Coinciding with Labour Day, Alberta’s minimum wage has risen to $10.20 an hour.
It’s a $0.25 increase that amounts to $37 dollars a week.
But despite the $0.25 cent boost, the Calgary Labour Council says the new higher wage isn’t much to cheer about. An anti-poverty group claims Calgarians need to earn $17.29 cents an hour in order to make a living wage. That’s based on a national formula that calculates the cost of living in one of Canada’s most expensive cities.
“It would be great if the Alberta government embraced a living wage policy where people could actually make ends meet, because ultimately they will be accessing social services if they are making minimum wage.” Says Alex Shevalier, President of the Calgary Labour Council.
“Do we want to pay on the front end or the back end, because either way we’re going to pay.”
Only 25 thousand Albertans actually earn the minimum wage. That’s only 2 per cent of the work force and the lowest number in Canada. But advocates say many of those workers are women, who are already struggling to make ends meet.
“Women are running into a lot more challenges because of wage inequality. [There are] huge costs for child care for many families and so they’re the ones that are holding the burden of it and we need to support these women and families. ” explains Julie Hrdlicka of Public Interest Alberta.
“Calgary is a great city to live in, but it certainly isn’t when you’re poor”
Small businesses in this province say it’s a challenge to find workers and claim the increased minimum wage affects their bottom line.

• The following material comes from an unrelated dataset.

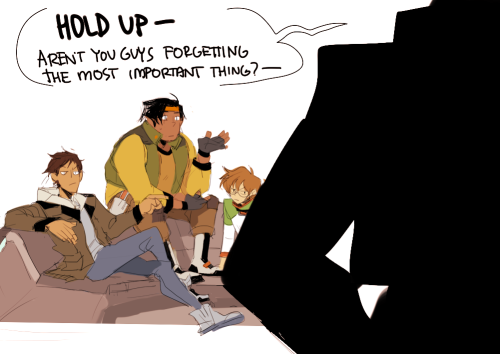 sakuraplumskyes:  runmonsterun:  The Paladins discuss the source of Shiro’s “coolness.”   @goddessoftheworld look at them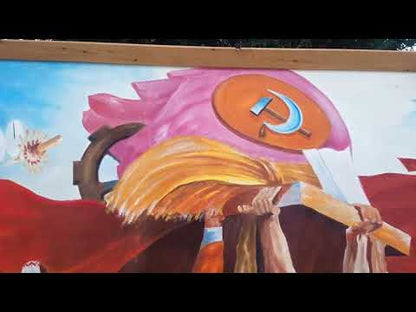 Olie Schilderij van M. Hegadüs 1987 "  Friendship of People "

“If you take the small increase, but times it by the number of hours, times it by the number of employees in a business, then those costs can really add up.” Says Richard Truscott from the Canadian Federation of Small Businesses.
“Any time governments increase the floor in wages, or increase other payroll costs that can really have an impact on small business, there’s no question about it.”
Alberta’s previous minimum wage had been $9.95 an hour, which was the lowest in the country. The minimum wage for liquor servers has also increased, from $9.05 to $9.20 an hour.
Nunavut and Ontario have the highest minimum wage, at $11 an hour.